振り向くとエメラルドが立っていた。恐らく今のやり取りを聞いていたのだろう。


「あたし、演奏士でもあるの。だから…」
「そしたら、誰が歌うんだ?…どうやって送るんだ?」

一人の人物が歌魔導士と演奏士、どちらもの資格を持っていたとしても、霊魂を送るにはそれでは送れない。
歌魔導士と演奏士が、別々でないといけないのだ。

それは鎮魂曲に限っての話だが。


「じゃあ!これから始まる戦争の時だけでも…。魔導士がたくさん集められてるんでしょ?だからそこにいる歌魔導士さんに歌ってもらったら……」
「……それ、誰かが死ぬって確信してるってこと?」


エメラルドはその言葉に打たれて身動いだ。
そして俯いて弱々しく言う。


「だって…もう後戻りできないよ。今更、止められない。」
「…………」

そうかもしれない。
今更、そう。


「……でも…勝てないとは限らない」


俯いていたカノンは顔を上げた。

「演奏魔法は弱体化魔法としても力を持ってる。それなら演奏者は一人より二人の方がいいでしょ?」


よりしっかりしたメロディーを奏でられるのもそう。
だけど一番は、願いや想いが二人分になるから。音楽は想いが伝わる。
演奏士、また歌魔導士はその想いに魔力が反応し、想いが伝わる、もしくは形になる。

鎮魂歌もそうだ。霊魂が天へ逝くように願ったり、こちらの世界に降りるよう願う。


「それに演奏士の力は鎮魂曲だけじゃないよ。人を、元気づける事だってできる。音楽は未知数だよ」
「………そうだね」

エメラルドの言うことは、少しも間違ってない。
今更止められないかもしれない事も、二人の方がいい事も、霊魂へ奏でるだけの曲じゃない事も。

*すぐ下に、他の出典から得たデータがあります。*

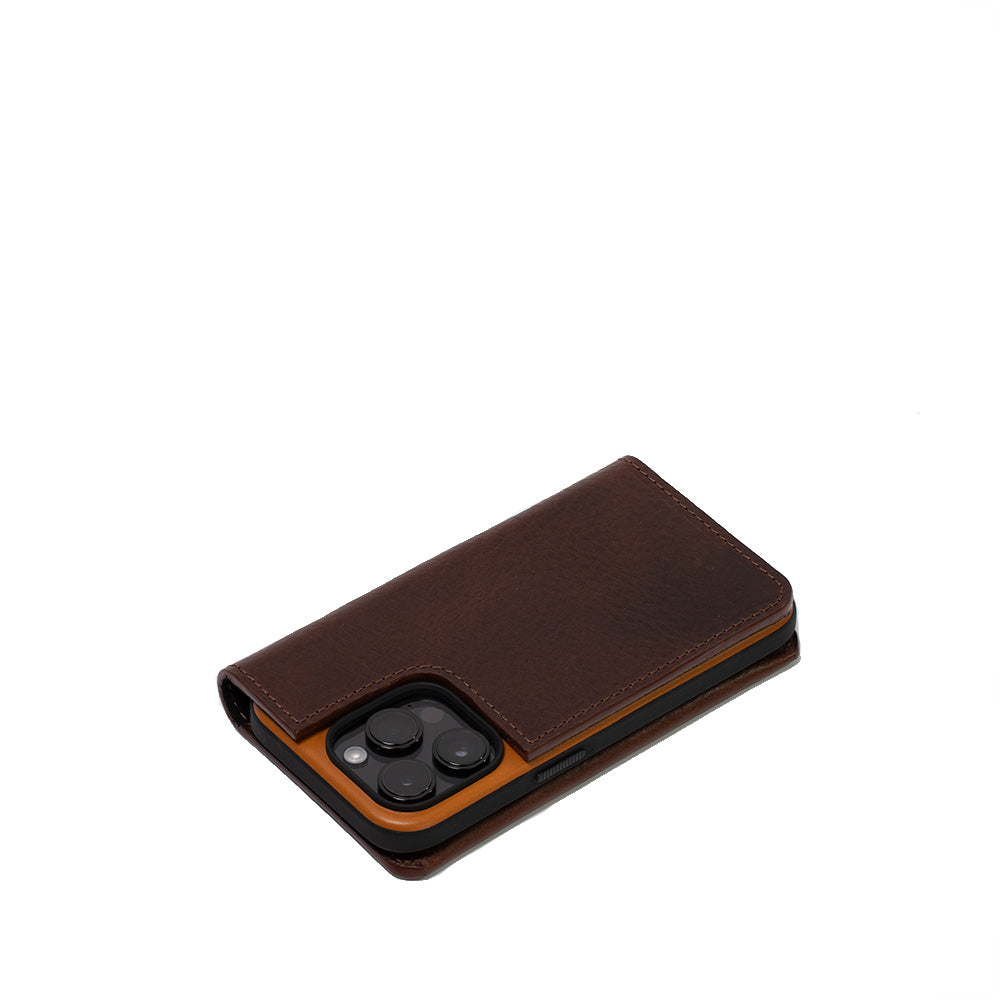 a brown leather case with three black circles on it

「ごめん。私の事考えて言ってくれたことなのに、強く言ってしまって」
「いいの。あたしも、最初から止められるって信じてなくて、ごめんね」


そして二人はハッとして周りを見る。
店の中は自分達7人とエリン族の店員一人しかいなかったが、みんながこちらを見ていた。店員さんまでもがニッコリしながらこちらを見ていた。


「…そろそろ行こうぜ」

レンが笑って言えば、頷き返した。


希望を、見失いかけた。
だけどまだ可能性はある。

誰かが死なないために、死なせないために、
本当に止めなきゃと思った。


―――これから起こることも知らずに。